Media manipulation and the American election


During the 2016 American presidential election, the public struggled to disentangle fact from fiction as political (dis)information spread rapidly online. With the United States gearing up for the next presidential contest, it is critical for citizens to pay attention to how and why political messaging is presented and shared online in order to make an informed decision at the polls. As the Democratic primaries illustrate, this is a challenge all across the political spectrum.


In early 2020, former New York mayor Michael Bloomberg’s short-lived campaign for the Democratic nomination came under scrutiny for the use of online tactics that blur the line between political promotion and information pollution. 

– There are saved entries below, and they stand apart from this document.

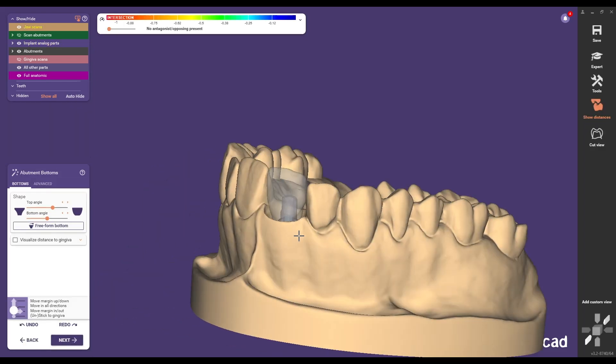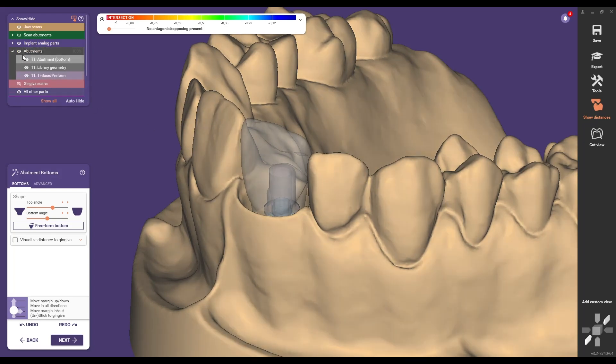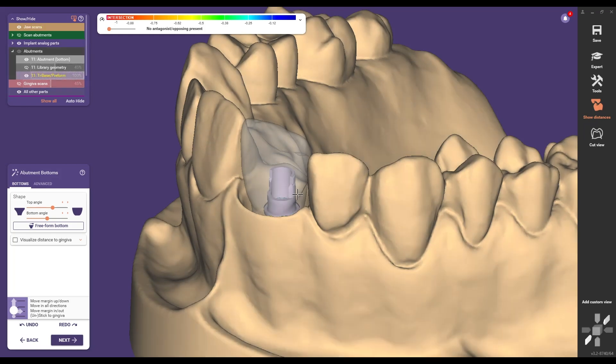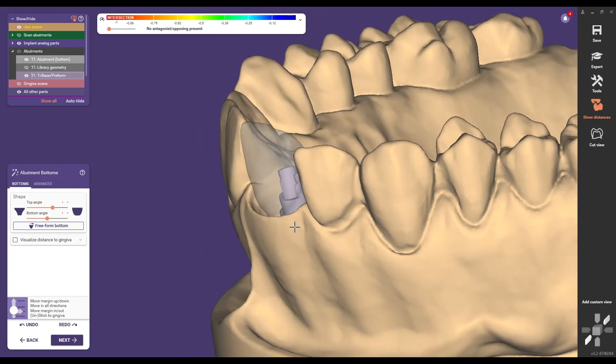At the abutment bottom step use the new angled screw channel feature in ExoCAD Elefcina 3.2. The open window of the titanium base is positioned labially and the screw channel angulation is carried out in this direction only.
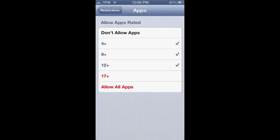With my current settings, I would only be allowed to download apps appropriate for 12-year-olds or younger. I hope that helps — these are quick and easy things you can do to make your iPhone or iPad safe for your child. Thanks, hope you enjoyed that!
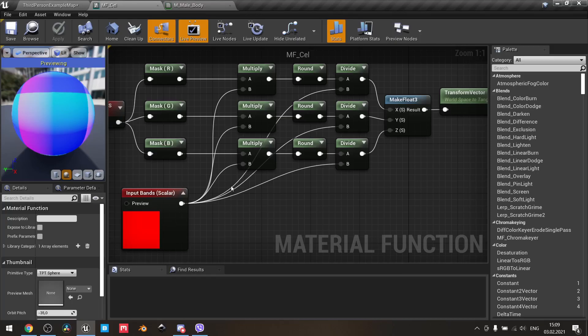The higher the scalar parameter is, the more bands we will receive, and the overall result will actually look like there is no effect at all. The lower the scalar parameter we use, the more shaded effect we will receive.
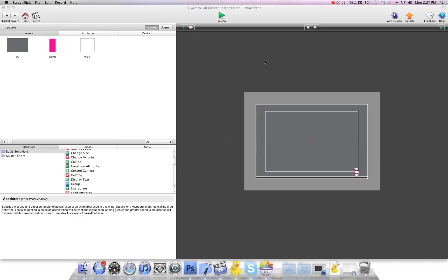Hey there everybody, T-Shirt Booth here for GSHelper.com and in this video I'm going to show you how to have an actor pace back and forth just like in Super Mario, those little turtles that go back and forth on the ledges.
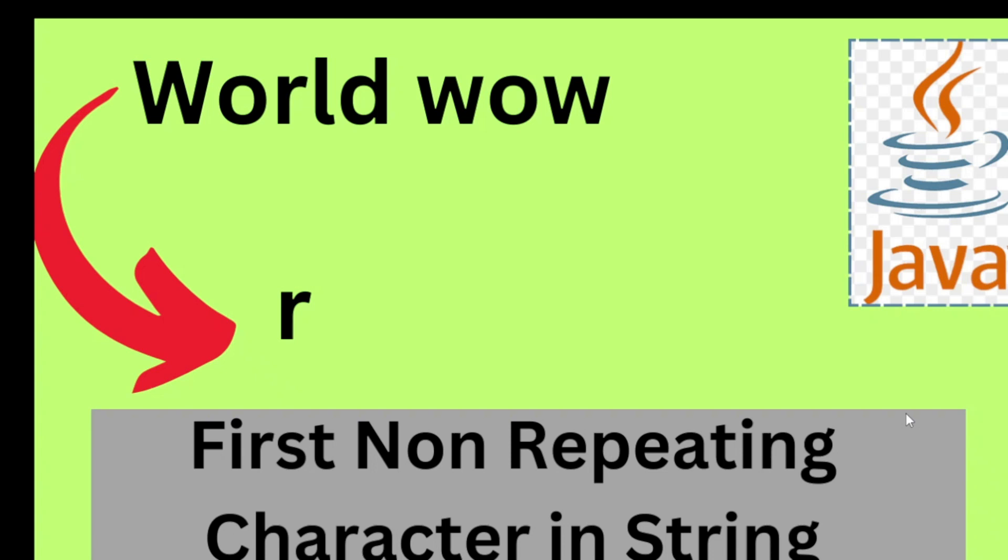Hello friends, in this tutorial we are going to discuss a very good interview question. As you can see here, we are going to find out the first non-repeating character in a string.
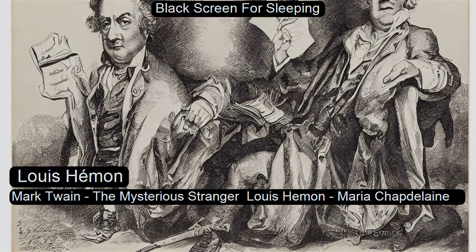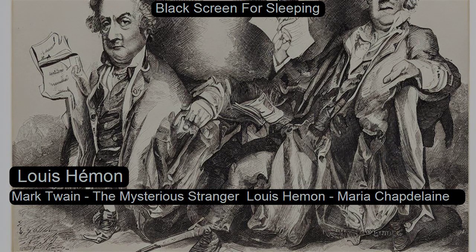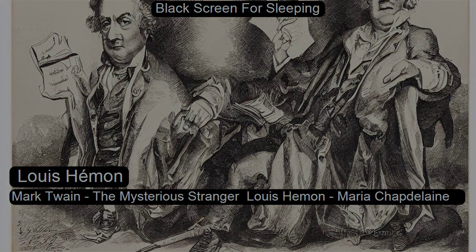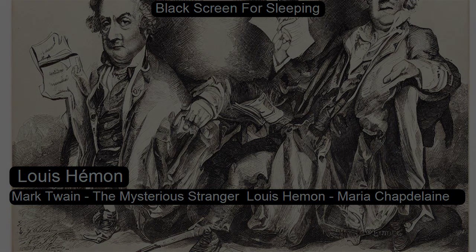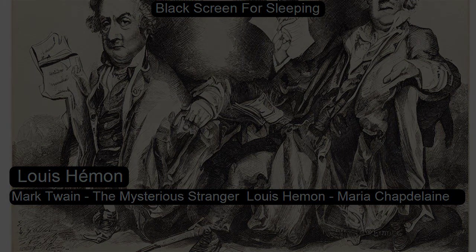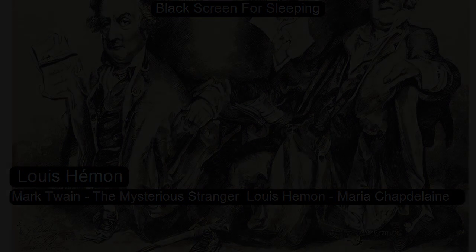Section seven of nineteen sixteen first chapters collection. This is a LibriVox recording. All LibriVox recordings are in the public domain. For more information or to volunteer please visit librivox.org. Nineteen sixteen first chapters collections by various, section seven. Maria Chapdelaine: A Tale of the Lake Saint John Country by Louis Hemmen, Chapter One, Parabanka.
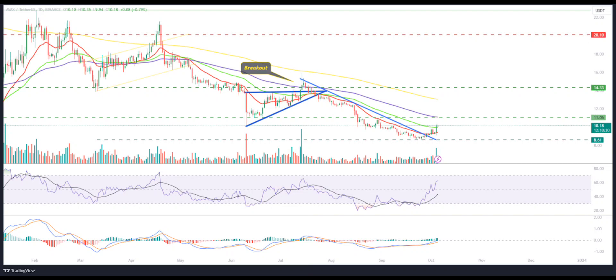The pair of AVAX/BTC was at 0.000368 BTC, and the market cap of AVAX is $3.62 billion. Furthermore, analysts have maintained a neutral rating and suggest a reversal based on the technical setup for the upcoming sessions.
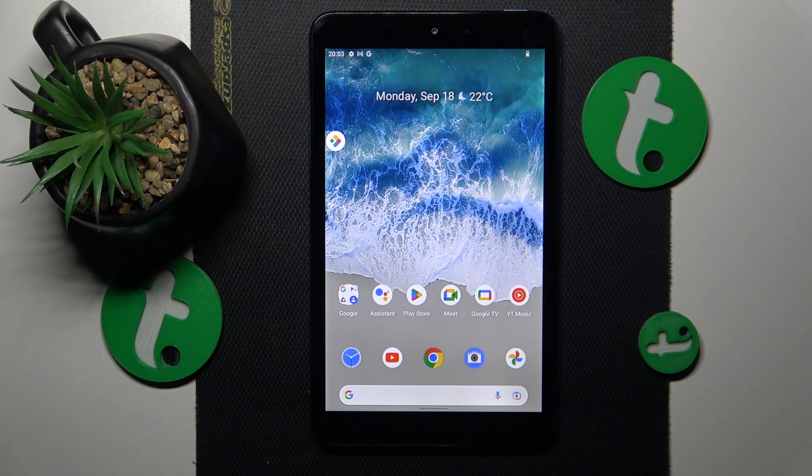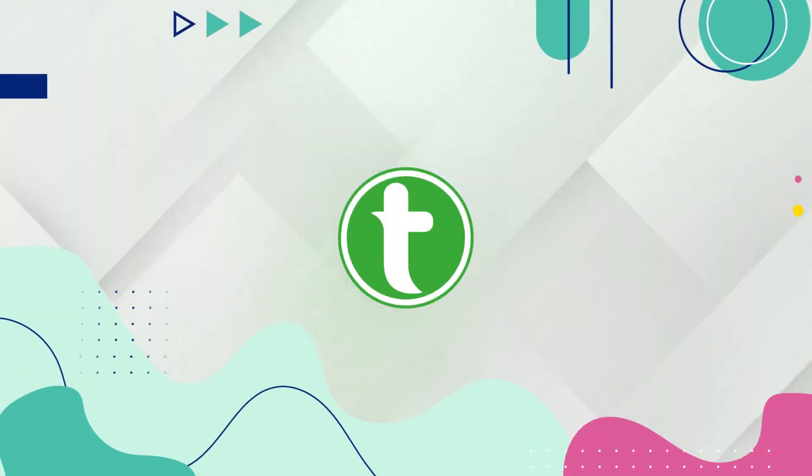This is Nokia T10 and today I will show how you can add sticky notes to the home screen on this device.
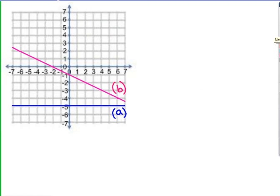In this graph, you're given line a and line b. I would like for you — you don't need to copy the graph down — but I do want you to come up with equations for lines a and b, and we will check them when we come back into class.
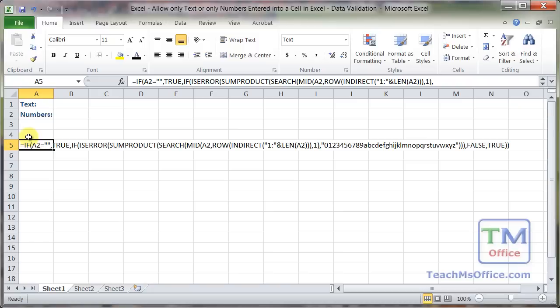If you want an in-depth thorough explanation of exactly how all of this works, you can watch the tutorial that shows you how to allow only alphanumeric characters to be entered into a cell in Excel. That's a very long tutorial where I cover everything.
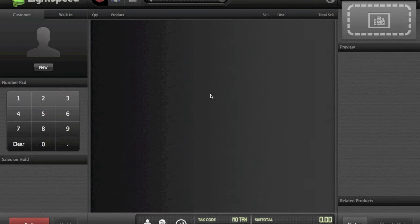This would happen when you're performing a return and you want to understand the difference between a refund — which is basically anything but the same day the customer made the original transaction — or a void, where the customer made the transaction the same day and you're able to use the void feature. I'll show you the difference.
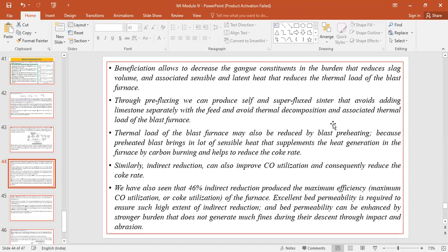Burden preparation plays a great role in reducing the coke rate by reducing the thermal load and promoting indirect reductions. Burden preparation basically involves beneficiation, refluxing, and agglomeration — giving proper size, shape, and mechanical properties to the prepared burden. When raw materials are subjected to proper beneficiation, the gangue content associated with the raw material can be segregated. The presence of a high amount of gangue content demands high amounts of heat, because gangue is characteristic of refractory oxides, and softening and melting these demands high heat. Beneficiation allows decreasing the gangue content present inside the burden, reducing the slag volume generated inside the blast furnace, and thereby reducing the thermal load.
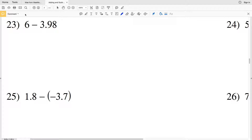Let's go ahead and finish out this KUTA free worksheet on adding and subtracting rational numbers. You can find this under the algebra one section, so I'll leave a link below. Here we have number twenty-three: six minus three point nine eight.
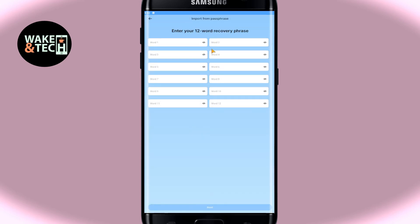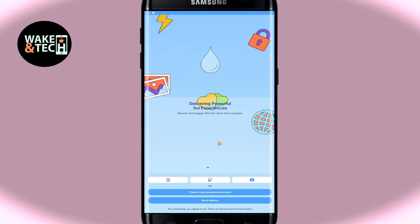So just enter either one of these options and after entering your phrase you can click on the next button and after your passphrase or key has been verified you will be logged in to your existing account on Sweep Wallet right away and all of your previous funds will also return.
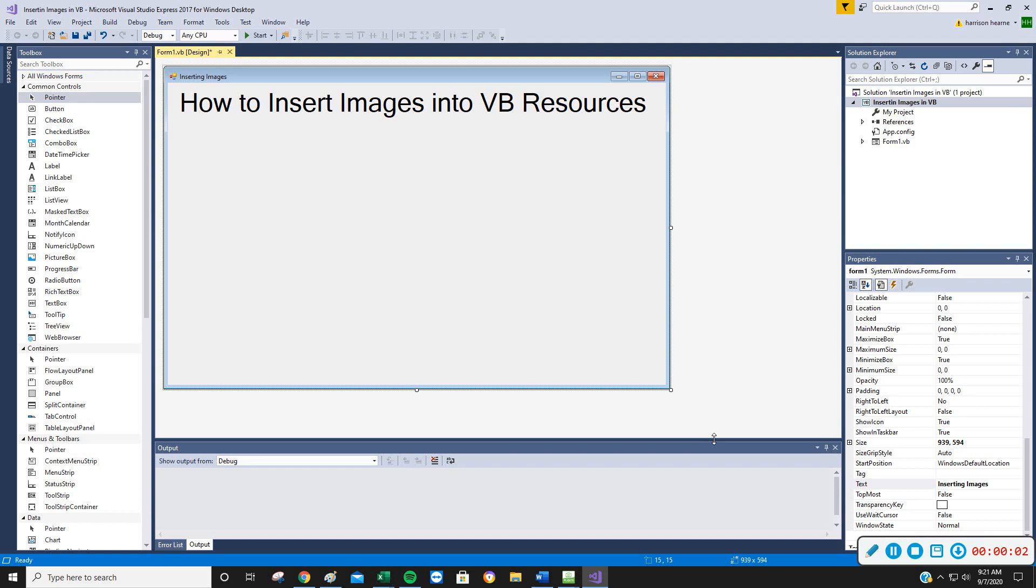Welcome to Visual Basic. This is going to be a resource for you on just how to insert images into Visual Basic's resources. Let's go ahead and get started.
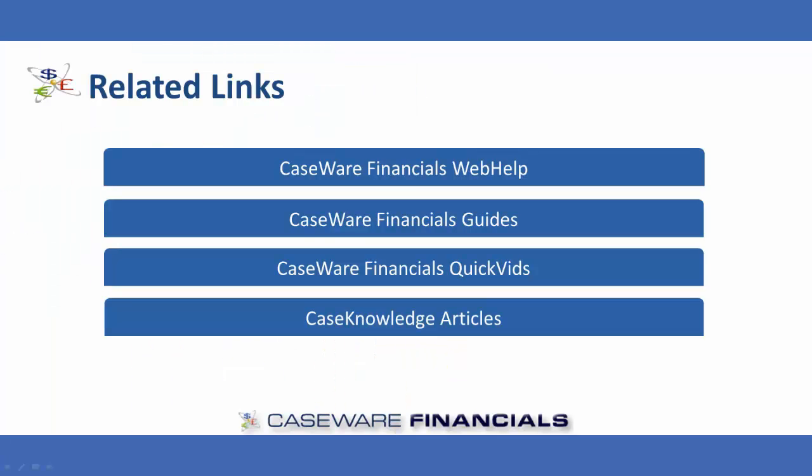This concludes the quick vid on adding and deleting subtotals in financials. For additional resources, including documentation and online help, see the related links. Thank you for watching Caseware Quick Vids.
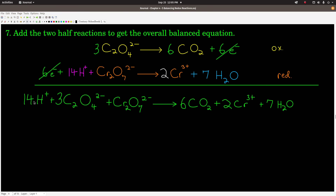On the left there are 14 hydrogens; on the right 7 times 2 is 14 — good. Carbons: 3 times 2 is 6 on the left, 6 times 1 is 6 on the right — good. Oxygens: 3 times 4 is 12 plus 7 is 19 on the left; 6 times 2 is 12 plus 7 is 19 on the right — good. Chromium: 2 on the left, 2 on the right — mass is balanced. Now checking charge: on the left we have 14 positives and 2 negatives — that's 12, minus the dichromate's 2 negative gives 6 positive charges. On the right, 2 times 3 is 6 positives. Mass balanced, charge balanced, and these are the smallest whole numbers. We're done — easy as that.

One notable example is a video released by the Bloomberg campaign on Instagram after the February 19th debate. It shows a clip of Bloomberg on the debate stage stating he is the “only one here, I think, that’s ever started a business,” followed by 20 seconds of silence as the other debaters fail to respond.


The video appears to show Bloomberg stunning his debate competitors into an extended silence, broken only by a faint but audible soundtrack of crickets. But this misrepresents what actually happened — the long silence has been exaggerated by video editing. 


This deliberate manipulation of the facts stretches the boundaries of what is acceptable in political speech, says Claire Wardle, an expert in online disinformation. The Bloomberg campaign pushed back at criticisms, responding that the video was not meant to be taken at face value, but rather was intended to be “tongue in cheek” humour. Spokeswoman Galia Slayen points to the soundtrack of crickets as proof that they couldn’t have expected viewers to take the video seriously. 


As it turns out, whether or not people actually believe in the truth of the video may not be the point. Wardle explains


“Some people will actually be fooled by the faked video; others will recognize that it’s false and react with anger or attempts at correcting the record. Either way, the result is more eyes on the video and the broader campaign – a formula for monopolizing attention.”


In a crowded  information environment, getting and holding attention is the goal, a fact that can encourage exaggeration and misrepresentation or outright untruths. 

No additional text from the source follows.